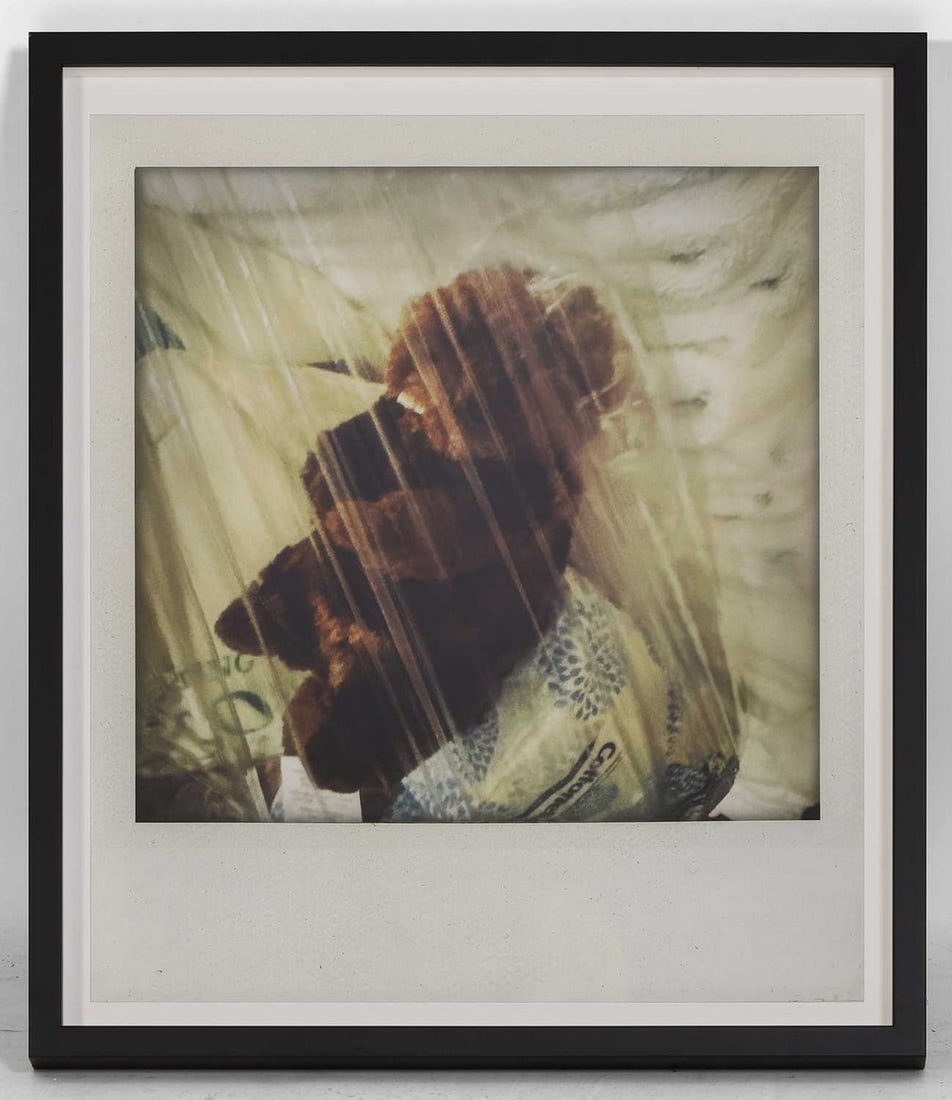 ▲ Nick Cave (Australian, b.1957) 'Teddy in a Bag' (1 of 1)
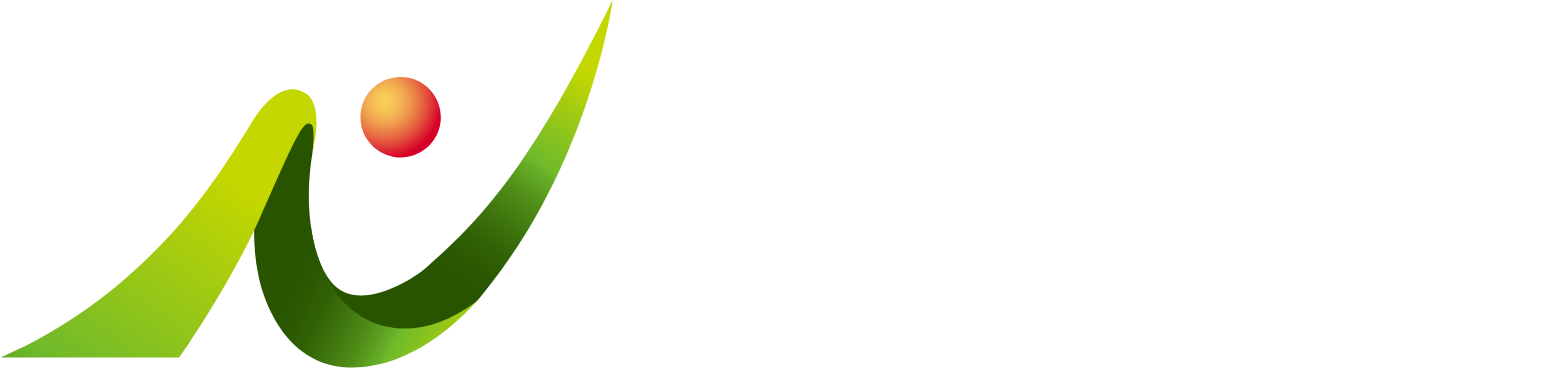 NSD Co., Ltd. logo fulle size on a dark background (transparent PNG)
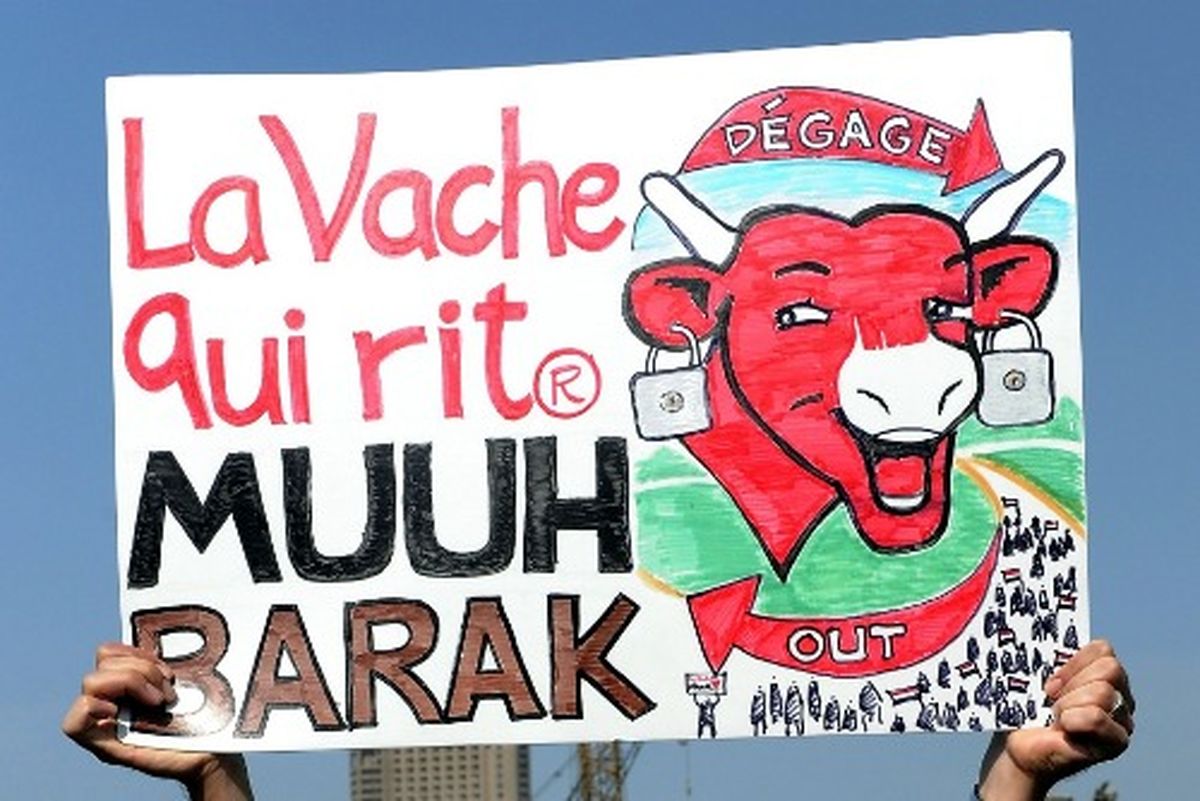 کاریکاتور‌ها و تصاویری از تظاهرات مردم مصر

● ● ● ● ●

**Work to be completed:** The data must come back word for word, with every picture removed.

**Response:**
 ▲ Nick Cave (Australian, b.1957) 'Teddy in a Bag' (1 of 1)
 NSD Co., Ltd. logo fulle size on a dark background (transparent PNG)
 کاریکاتور‌ها و تصاویری از تظاهرات مردم مصر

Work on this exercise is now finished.